Parameter Type (R) Type (Python) Default Description
seasonality character - "none" Seasonality type: "none", "simple", "partial", "full"
obs integer - 10 Number of observations
nsim integer - 1 Number of series to simulate
frequency integer - 1 Seasonal frequency (must be > 1 for seasonal models)
a complex - NULL First complex smoothing parameter. CES is sensitive to these values
b complex/numeric - NULL Second complex smoothing parameter. Real for "partial", complex for "full". NULL for "none"/"simple"
initial complex matrix - NULL Initial states. For "simple"/"partial"/"full", first two columns contain non-seasonal components
randomizer character - "rnorm" Random number generator function name
probability numeric - 1 Occurrence probability (can be vector)
... - - - Additional parameters passed to randomizer

Output

Element Description
model CES model type
a Complex parameter a (vector if nsim > 1)
b Complex parameter b (NULL for "none"/"simple", vector if nsim > 1)
initial Initial state values (array if nsim > 1)
profile The final profile produced in the simulation
data Simulated time series (vector or matrix)
states State matrix/array
residuals Generated errors (vector or matrix)
occurrence Occurrence variable values
logLik Log-likelihood of the constructed model

Examples

# Non-seasonal CES
sim <- sim.ces(frequency=12, obs=120)
plot(sim)

# Simple seasonal (solar-like patterns)
set.seed(41)
sim <- sim.ces("simple", frequency=24, obs=240)
plot(sim)

# Full seasonal
sim <- sim.ces("full", frequency=12, obs=240, nsim=10)
plot(sim)

sim.gum() - Generalised Univariate Model Simulation

Simulates data from GUM. Best practice is to simulate from a fitted model.

R Usage

# Generate complex multi-frequency data
set.seed(41)
sim <- sim.gum(orders=c(1,1,1), lags=c(1,48,336), nsim=1,
               frequency=336, obs=3360,
               measurement=rep(1,3), transition=diag(3),
               persistence=c(0.045, 0.162, 0.375),
               initial=initialMatrix)  # Provide initial values

Parameters

Parameter Type (R) Type (Python) Default Description
orders numeric vector - c(1) Orders for each lag (number of states per lag type)
lags numeric vector - c(1) Lags for components. Length must match orders
obs integer - 10 Number of observations
nsim integer - 1 Number of series to simulate
frequency integer - 1 Time series frequency
measurement numeric vector - NULL Measurement vector w. If NULL, randomly generated (0-1)
transition matrix/vector - NULL Transition matrix F. If vector, formed as matrix(transition, nc, nc)
persistence numeric vector - NULL Persistence vector g (smoothing parameters). If NULL, randomly generated
initial matrix - NULL Initial states.
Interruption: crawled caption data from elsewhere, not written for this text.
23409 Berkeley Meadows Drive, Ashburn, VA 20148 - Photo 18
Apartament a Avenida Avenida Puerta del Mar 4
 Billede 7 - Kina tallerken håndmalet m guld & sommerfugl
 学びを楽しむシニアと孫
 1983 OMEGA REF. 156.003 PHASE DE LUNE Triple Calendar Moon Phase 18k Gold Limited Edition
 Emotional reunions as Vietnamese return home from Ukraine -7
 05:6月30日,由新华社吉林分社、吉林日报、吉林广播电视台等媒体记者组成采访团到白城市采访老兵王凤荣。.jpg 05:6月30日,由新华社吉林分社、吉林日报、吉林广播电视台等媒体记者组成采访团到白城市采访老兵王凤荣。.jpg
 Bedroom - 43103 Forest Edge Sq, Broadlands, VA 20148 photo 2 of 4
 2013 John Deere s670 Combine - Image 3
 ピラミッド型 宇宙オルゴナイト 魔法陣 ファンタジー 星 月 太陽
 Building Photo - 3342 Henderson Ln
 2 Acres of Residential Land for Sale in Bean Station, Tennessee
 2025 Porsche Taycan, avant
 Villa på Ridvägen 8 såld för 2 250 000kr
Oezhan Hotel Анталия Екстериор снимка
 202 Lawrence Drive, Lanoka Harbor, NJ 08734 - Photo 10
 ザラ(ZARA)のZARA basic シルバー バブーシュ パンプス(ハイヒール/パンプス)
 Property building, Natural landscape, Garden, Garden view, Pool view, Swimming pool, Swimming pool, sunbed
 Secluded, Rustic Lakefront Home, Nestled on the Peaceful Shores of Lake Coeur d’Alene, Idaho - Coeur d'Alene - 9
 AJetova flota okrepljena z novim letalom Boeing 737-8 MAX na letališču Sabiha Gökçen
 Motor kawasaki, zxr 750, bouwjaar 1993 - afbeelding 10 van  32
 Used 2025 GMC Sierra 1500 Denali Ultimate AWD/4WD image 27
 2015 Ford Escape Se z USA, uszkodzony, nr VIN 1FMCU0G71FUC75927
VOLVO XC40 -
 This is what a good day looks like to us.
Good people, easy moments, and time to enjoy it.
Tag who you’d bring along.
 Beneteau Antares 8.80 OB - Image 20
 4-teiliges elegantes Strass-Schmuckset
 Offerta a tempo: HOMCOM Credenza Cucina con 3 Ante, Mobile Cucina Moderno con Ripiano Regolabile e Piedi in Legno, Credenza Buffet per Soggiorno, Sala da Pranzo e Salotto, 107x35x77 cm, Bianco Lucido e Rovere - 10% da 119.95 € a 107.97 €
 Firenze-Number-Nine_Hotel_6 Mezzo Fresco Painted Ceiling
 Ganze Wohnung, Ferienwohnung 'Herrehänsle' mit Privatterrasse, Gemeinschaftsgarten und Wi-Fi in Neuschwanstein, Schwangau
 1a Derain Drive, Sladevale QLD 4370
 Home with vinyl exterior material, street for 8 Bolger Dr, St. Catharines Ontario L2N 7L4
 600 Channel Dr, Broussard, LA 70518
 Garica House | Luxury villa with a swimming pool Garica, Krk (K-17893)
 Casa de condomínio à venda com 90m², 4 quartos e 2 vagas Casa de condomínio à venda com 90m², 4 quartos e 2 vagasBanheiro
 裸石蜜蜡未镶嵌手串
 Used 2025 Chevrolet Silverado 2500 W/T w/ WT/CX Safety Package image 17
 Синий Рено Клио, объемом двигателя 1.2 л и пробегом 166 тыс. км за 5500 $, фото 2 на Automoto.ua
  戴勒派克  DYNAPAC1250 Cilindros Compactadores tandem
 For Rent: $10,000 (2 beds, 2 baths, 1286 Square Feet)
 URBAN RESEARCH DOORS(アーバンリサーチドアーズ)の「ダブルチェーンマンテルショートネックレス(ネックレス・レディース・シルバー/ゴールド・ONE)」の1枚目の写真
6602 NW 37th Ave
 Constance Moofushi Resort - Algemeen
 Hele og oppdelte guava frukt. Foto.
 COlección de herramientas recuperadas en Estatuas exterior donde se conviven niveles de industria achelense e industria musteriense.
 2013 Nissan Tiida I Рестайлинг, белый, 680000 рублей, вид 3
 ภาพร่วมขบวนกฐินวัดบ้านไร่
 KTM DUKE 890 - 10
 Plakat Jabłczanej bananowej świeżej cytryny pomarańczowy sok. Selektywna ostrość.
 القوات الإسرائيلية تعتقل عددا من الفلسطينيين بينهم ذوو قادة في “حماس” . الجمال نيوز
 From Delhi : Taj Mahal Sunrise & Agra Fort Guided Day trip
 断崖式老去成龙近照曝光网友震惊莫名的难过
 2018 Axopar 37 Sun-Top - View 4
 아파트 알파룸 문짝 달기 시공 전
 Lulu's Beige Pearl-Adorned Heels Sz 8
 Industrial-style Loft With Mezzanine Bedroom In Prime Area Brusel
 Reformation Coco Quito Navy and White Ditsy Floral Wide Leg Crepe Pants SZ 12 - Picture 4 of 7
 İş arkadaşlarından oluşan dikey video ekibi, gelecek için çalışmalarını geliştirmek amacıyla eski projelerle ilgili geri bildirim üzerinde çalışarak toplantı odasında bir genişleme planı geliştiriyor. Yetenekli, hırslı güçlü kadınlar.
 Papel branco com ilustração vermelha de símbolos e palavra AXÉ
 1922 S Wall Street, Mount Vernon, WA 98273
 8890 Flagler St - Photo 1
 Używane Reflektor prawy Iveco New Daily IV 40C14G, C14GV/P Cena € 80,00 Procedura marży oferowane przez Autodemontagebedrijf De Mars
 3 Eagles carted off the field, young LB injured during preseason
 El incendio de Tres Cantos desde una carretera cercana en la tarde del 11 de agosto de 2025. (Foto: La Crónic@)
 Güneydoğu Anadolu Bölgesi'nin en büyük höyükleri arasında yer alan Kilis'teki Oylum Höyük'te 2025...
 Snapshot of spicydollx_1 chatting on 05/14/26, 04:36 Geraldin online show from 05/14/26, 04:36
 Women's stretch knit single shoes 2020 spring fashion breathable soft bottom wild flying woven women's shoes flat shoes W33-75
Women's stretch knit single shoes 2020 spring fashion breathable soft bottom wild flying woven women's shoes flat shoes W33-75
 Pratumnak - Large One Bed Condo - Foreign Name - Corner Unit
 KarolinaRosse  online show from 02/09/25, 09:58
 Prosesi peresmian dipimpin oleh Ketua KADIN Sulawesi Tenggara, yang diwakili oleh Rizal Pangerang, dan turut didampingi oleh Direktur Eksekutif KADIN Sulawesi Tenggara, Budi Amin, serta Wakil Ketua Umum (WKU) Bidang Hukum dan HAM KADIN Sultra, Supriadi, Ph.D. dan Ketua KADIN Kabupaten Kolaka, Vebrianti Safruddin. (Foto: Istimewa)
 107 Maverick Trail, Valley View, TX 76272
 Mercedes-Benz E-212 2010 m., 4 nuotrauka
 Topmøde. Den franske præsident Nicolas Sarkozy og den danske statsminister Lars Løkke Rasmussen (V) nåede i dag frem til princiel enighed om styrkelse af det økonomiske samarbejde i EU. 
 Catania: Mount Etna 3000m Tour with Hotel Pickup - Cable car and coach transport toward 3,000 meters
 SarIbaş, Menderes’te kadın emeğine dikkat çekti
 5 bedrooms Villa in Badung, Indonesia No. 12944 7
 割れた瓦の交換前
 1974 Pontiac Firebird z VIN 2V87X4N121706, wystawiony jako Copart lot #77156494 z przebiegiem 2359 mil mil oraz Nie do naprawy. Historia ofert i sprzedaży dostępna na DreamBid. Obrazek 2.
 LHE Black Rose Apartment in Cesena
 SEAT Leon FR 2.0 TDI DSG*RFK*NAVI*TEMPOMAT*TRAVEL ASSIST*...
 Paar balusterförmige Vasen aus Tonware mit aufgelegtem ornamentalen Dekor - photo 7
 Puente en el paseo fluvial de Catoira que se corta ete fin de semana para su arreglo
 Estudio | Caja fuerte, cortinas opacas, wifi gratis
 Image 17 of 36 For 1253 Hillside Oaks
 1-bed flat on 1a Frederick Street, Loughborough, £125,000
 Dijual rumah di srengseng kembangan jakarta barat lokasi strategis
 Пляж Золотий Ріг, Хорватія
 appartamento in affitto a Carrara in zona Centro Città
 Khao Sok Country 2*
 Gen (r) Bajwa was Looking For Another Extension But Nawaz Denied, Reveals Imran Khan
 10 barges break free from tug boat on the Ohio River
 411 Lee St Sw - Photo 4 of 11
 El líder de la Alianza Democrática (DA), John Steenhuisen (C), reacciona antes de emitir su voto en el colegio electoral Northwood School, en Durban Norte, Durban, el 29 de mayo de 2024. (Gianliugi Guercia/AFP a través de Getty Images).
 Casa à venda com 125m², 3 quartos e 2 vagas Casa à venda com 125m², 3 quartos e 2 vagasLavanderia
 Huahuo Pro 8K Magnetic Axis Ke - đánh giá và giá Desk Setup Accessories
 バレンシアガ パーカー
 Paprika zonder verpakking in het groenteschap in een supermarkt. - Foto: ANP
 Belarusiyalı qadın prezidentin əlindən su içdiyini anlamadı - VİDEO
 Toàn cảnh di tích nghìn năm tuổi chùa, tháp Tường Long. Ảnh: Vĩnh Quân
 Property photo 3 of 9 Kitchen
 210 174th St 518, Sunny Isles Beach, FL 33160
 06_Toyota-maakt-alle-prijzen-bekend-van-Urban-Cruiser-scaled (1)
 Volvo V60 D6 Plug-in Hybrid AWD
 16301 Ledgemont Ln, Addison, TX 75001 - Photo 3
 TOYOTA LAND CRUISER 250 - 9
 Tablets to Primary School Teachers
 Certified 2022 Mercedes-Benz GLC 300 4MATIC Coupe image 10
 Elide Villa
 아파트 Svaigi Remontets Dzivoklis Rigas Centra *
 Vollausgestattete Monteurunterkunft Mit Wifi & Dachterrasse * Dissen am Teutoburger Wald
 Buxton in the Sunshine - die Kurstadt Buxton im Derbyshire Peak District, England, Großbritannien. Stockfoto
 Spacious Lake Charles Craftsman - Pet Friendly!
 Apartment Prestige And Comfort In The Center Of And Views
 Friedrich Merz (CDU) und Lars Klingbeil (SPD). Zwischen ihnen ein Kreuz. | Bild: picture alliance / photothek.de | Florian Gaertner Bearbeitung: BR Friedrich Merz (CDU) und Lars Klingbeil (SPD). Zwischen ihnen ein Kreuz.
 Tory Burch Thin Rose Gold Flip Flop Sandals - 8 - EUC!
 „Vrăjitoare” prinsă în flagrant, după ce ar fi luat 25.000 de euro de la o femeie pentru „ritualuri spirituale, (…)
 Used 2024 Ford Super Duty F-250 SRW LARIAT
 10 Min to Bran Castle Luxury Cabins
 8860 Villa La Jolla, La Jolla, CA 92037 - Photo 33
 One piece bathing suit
If NULL, generated from uniform distribution
randomizer character - "rnorm" Random number generator function name
probability numeric - 1 Occurrence probability (can be vector)
... - - - Additional parameters passed to randomizer

Output

Element Description
model GUM model name
measurement Measurement matrix w
transition Transition matrix F
persistence Persistence vector (smoothing parameters)
initial Initial state values (array if nsim > 1)
profile The final profile produced in the simulation
data Simulated time series (vector or matrix)
states State array
residuals Generated errors (vector or matrix)
occurrence Occurrence variable values
logLik Log-likelihood of the constructed model

Examples

# GUM(1[1]) - simple model
sim <- sim.gum(orders=c(1), lags=c(1), obs=120, nsim=100)
plot(sim)

# GUM(1[1],1[4]) - seasonal model
sim <- sim.gum(orders=c(1,1), lags=c(1,4), frequency=4, obs=80,
               nsim=100, transition=c(1, 0, 0.9, 0.9))
plot(sim)

sim.sma() - Simple Moving Average Simulation

Simulates data from SMA models.

R Usage

# SMA(10)
sim <- sim.sma(order=10, obs=240, frequency=12)
plot(sim)

Parameters

Parameter Type (R) Type (Python) Default Description
order integer - NULL SMA order. If NULL, random order from 1 to 100 is selected
obs integer - 10 Number of observations
nsim integer - 1 Number of series to simulate
frequency integer - 1 Time series frequency
initial numeric vector - NULL Initial state values. If NULL, generated
randomizer character - "rnorm" Random number generator function name
probability numeric - 1 Occurrence probability (can be vector)
... - - - Additional parameters passed to randomizer

Output

Element Description
model SMA model name
data Simulated time series (vector or matrix)
states State matrix (or array if nsim > 1)
initial Initial values (vector or matrix)
probability Vector of probabilities used
intermittent Type of intermittent model used
residuals Generated errors (vector or matrix)
occurrence Occurrence variable values
logLik Log-likelihood of the constructed model

Examples

# SMA(10) with normal errors
sim <- sim.sma(order=10, obs=40, randomizer="rnorm", mean=0, sd=100)
plot(sim)

sim.oes() - Occurrence ETS Simulation

Simulates occurrence probabilities using ETS for intermittent demand modelling. The function calls for sim.es() and then does internal transformations of the simulated data to align with the occurrence models.

R Usage

# Simple occurrence model
sim <- sim.oes("MNN", frequency=12, obs=60, initial=1,
               randomizer="rlnorm", meanlog=0, sdlog=0.1)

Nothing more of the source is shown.